Jabbour: Condução do PCCh diferencia socialismo chinês de capitalismo de estado

Economista defende que o socialismo contemporâneo se estrutura a partir da hegemonia política dos Partidos Comunistas e da propriedade pública dos meios de produção

O estudioso do socialismo Elias Jabbour explica a diferença estrutural do socialismo chinês de experiências de capitalismo de estado como da Coreia do Sul e Japão.

O geógrafo Elias Jabbour, presidente do Instituto Municipal de Urbanismo Pereira Passos e professor da UERJ, fez uma reflexão sobre o que significa o socialismo no século XXI e os desafios da esquerda brasileira. Para ele, o marxismo não é apenas uma teoria acadêmica, mas sim uma ciência em constante movimento, desenvolvida a partir do exercício real do poder político e das lutas nas periferias do sistema capitalista global.

A partir de uma leitura marxista-leninista, Jabbour afirma que o socialismo deve ser entendido como uma prática política concreta, orientada pelo exercício do poder por parte de blocos históricos hegemonizados por partidos comunistas.

“O marxismo-leninismo se distingue justamente por sua capacidade de adaptação às realidades nacionais, seja no poder estatal, como na China, seja nas lutas políticas da periferia do capitalismo”, afirmou durante uma live realizada pela Escola Nacional de Formação Política do PCdoB João Amazonas.

“Trata-se de uma ciência que se desenvolve não no laboratório acadêmico, mas no enfrentamento direto das contradições colocadas pelo exercício do poder político e pelas lutas populares, especialmente nos países da periferia do sistema”, afirmou. Para ele, experiências como a da China, de Cuba e do Vietnã demonstram que o socialismo não pode ser reduzido a fórmulas abstratas, como a simples abolição da propriedade privada, mas exige uma estratégia histórica que articule planejamento, soberania e transformação estrutural.

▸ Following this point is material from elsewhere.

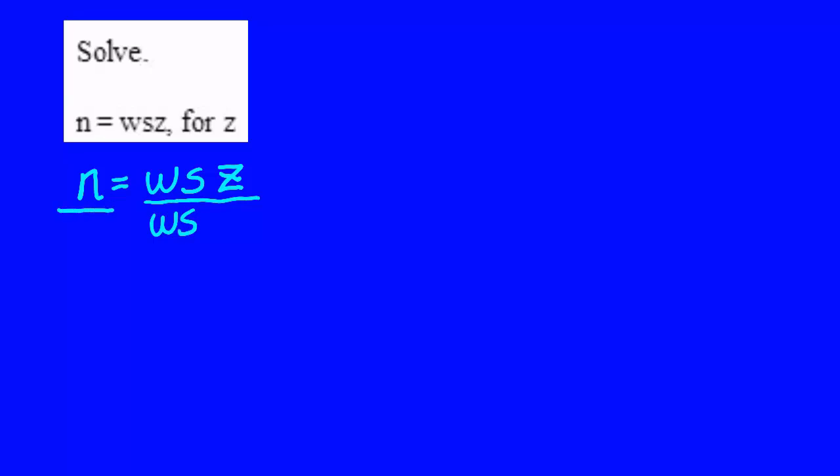For that reason, since w and s are multiplied by z, we're going to divide both sides of this equation by w and s. What that will give us on the left is n over ws,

Um dos principais pontos de sua análise é a centralidade do Partido Comunista na condução do processo socialista. “O Partido Comunista chinês não se fundiu com o Estado. O Estado é um instrumento do Partido”, diz Jabbour. Ele também criticou visões que equiparam a China a “capitalismos de Estado” como o japonês ou coreano: “A diferença está no controle partidário sobre a economia e na introdução planejada de contradições que impulsionam o desenvolvimento, como a inovação tecnológica disruptiva”. Segundo ele, o que se observa no país asiático é uma nova forma histórica de desenvolvimento, que ele denomina Communist-Party-led Development — ou desenvolvimento liderado pelo Partido Comunista.

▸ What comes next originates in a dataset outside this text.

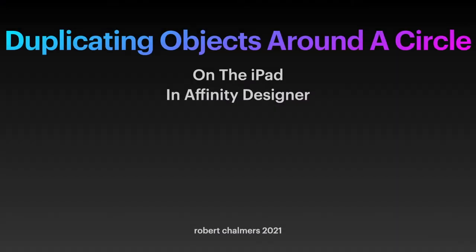Welcome to another episode in the basic skills series of Affinity Designer on the iPad. In this one we are looking at duplicating objects around a circle, or any symmetrical shape for that matter.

Esse modelo, afirma, introduz contradições no seio do sistema econômico por meio da inovação tecnológica e da planificação estratégica, criando um movimento dinâmico que impulsiona transformações. “O socialismo chinês tem uma capacidade inédita de mobilizar a sociedade para responder às contradições, algo que não se vê nas economias capitalistas”, avalia.

O socialismo como prática concreta: China, Cuba e Vietnã como exemplos vivos

De acordo com Jabbour, o socialismo contemporâneo se define por três elementos principais: o controle político exercido por um partido comunista, a propriedade pública dos meios de produção e a utilização estratégica da razão como instrumento de governo. Ele destacou a China como a experiência mais avançada dessa nova forma de organização socioeconômica.

“Na China, o Partido Comunista utiliza o Estado como ferramenta de transformação da realidade. Isso é diferente de países capitalistas onde o Estado pode ser dominado pelo capital privado”, afirmou, durante a conversa com o diretor da Escola, Altair Freitas.

Ele ressaltou ainda que a economia chinesa tem se baseado cada vez menos na lei do valor e nos mecanismos tradicionais de mercado, caminhando para uma nova forma de mediação econômica que ele chama de “projetamento”.

Jabbour também propõe uma nova categoria para pensar a economia política do socialismo: o projetamento. Diferentemente da clássica dicotomia entre planejamento e mercado, o projetamento seria uma forma superior de racionalidade econômica, baseada na razão como mediadora de decisões e investimentos. Essa forma histórica de planificação permitiria à China, por exemplo, deslocar 200 milhões de pessoas para as cidades em apenas uma década sem os efeitos desorganizadores verificados em experiências semelhantes no Brasil ou na Índia.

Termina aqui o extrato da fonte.